Welcome to European Tribune. It's gone a bit quiet around here these days, but it's still going.
I think this result illustrates my suggestion that the only way for the opposition to defeat Boris is via an electoral past whereby the lower placed parties in a particular constituency defer to the highest placed opposition party and run only one candidate against the Conservatives. The Conservatives would have won this seat had the Greens and Plaid Cymru not stood aside.

I know there are large policy and ideological differences between the opposition parties but the name of the game in a Parliamentary democracy is to Win seats, and to gain influence by having more of them. The biggest difficulty will not be policy differences, but personality ones with some locally selected candidates being unprepared to stand aside for a rival opposition candidate.

The other major difficulty will be to persuade Lib Dem voters to vote for a Corbyn led candidate but they are desperate enough to stop Brexit to do so. This result also shows Labour voters prepared to support a better placed Lib Dem candidate even when there is a Labour candidate in the field. Labour will suffer many more humiliations like this unless it does defer to better placed candidates.

For Boris, this is actually not so bad a result, with the Brexit party well beaten and the Tory vote down less than the Labour vote despite having a wretched candidate. The combined Tory/Brexit party vote is actually up, which is a cautionary tale should they ever form an electoral pact. However at the moment it is difficult to see on what basis they could do so as the Brexit party has no general election track record and therefore would have to fail to contest the general election at all, basically committing political suicide.

As Brexit is basically all down to Farage's work over the years, they are highly unlikely to do so. So it is down to Corbyn's leadership abilities and willingness to put country over narrow party self interest. Show a little humility now, agreeing an electoral pact and conceding some constituencies they are highly unlikely to win anyway, and he could be the next PM. But will he?

Index of Frank's Diaries

by Frank Schnittger (mail Frankschnittger at hot male dotty communists) on Fri Aug 2nd, 2019 at 09:52:38 AM EST
[ Parent ]
The obstacle to the "electoral pact" idea is, of course, the Labour Party. Its very existence, and its historical claim to represent all progressives. This is consubstatial with the wretched one-round uninominal  constituency system, otherwise known as First Past the Post.

Simply put, Labour can not give an inch to such talk. Not a single Labour candidate will be stood down.
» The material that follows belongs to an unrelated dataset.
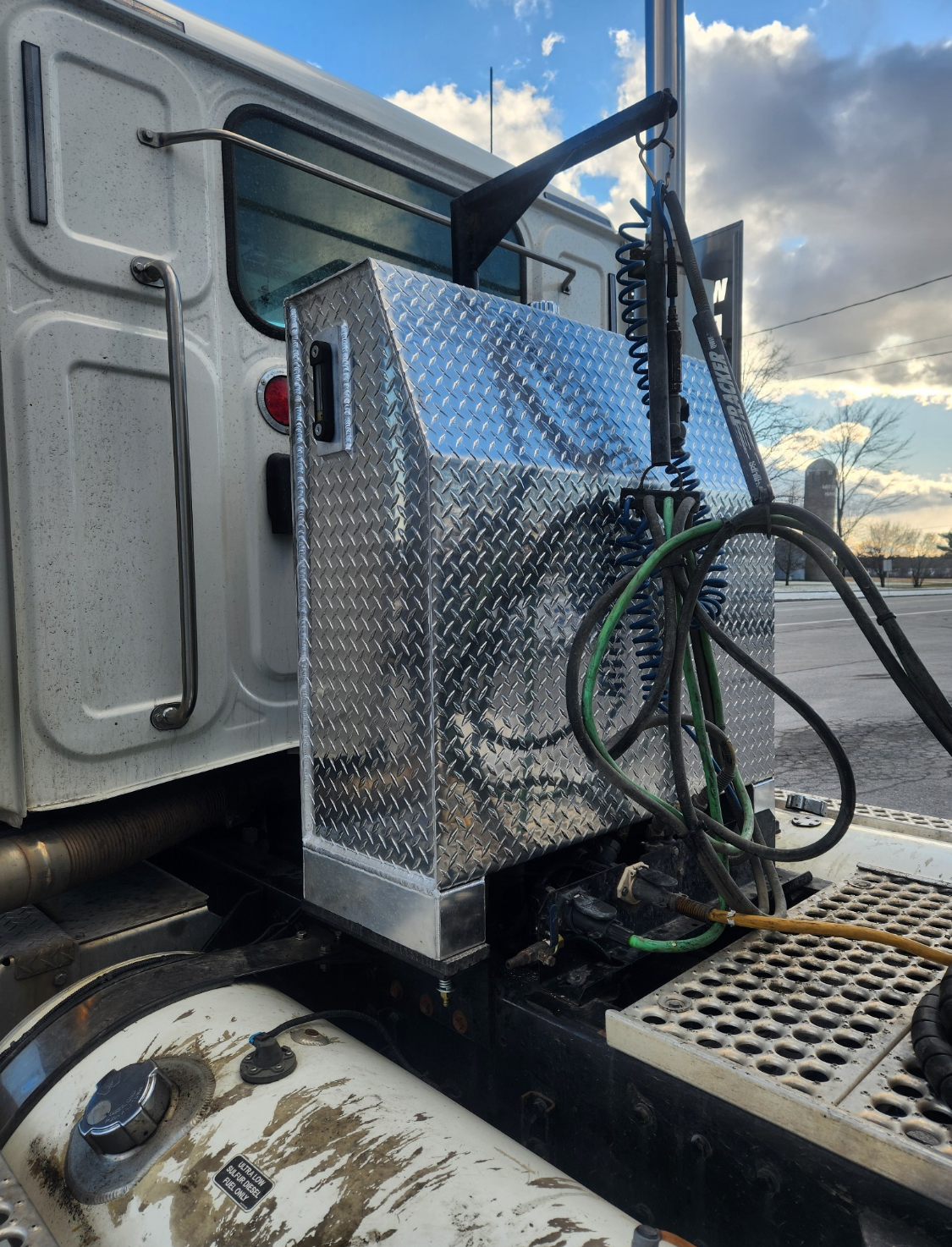 Boîte à outils plaquée diamant montée sur un semi-remorque à côté de la cabine.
This is very unfortunate, obviously, in the present circumstance. All the more so because informal arrangements will not work : LibDem, Green or Plaid Cymru voters may well vote tactically, even if their parties stood candidates; the Labour base is much less likely to do so.

It is rightly acknowledged that people of faith have no monopoly of virtue - Queen Elizabeth II

by eurogreen on Fri Aug 2nd, 2019 at 10:09:25 AM EST
[ Parent ]
I dunno, at a General Election there really isn't a lot of crossover

Guardian - Owen Jones - Labour shouldn't worry so much about the Lib Dems, they hurt the Tories more

No prime minister has lost a seat as swiftly as Boris Johnson in over a century. In 2017, the Tories won nearly half the vote in Brecon and Radnorshire and secured an 8,000 majority over the Liberal Democrats. To lose just two years later is very bad indeed. Labour slumped badly, leaving the party with a derisory vote share, but this is a seat the party hasn't won since 1974, and in which it came third even in the 1997 landslide.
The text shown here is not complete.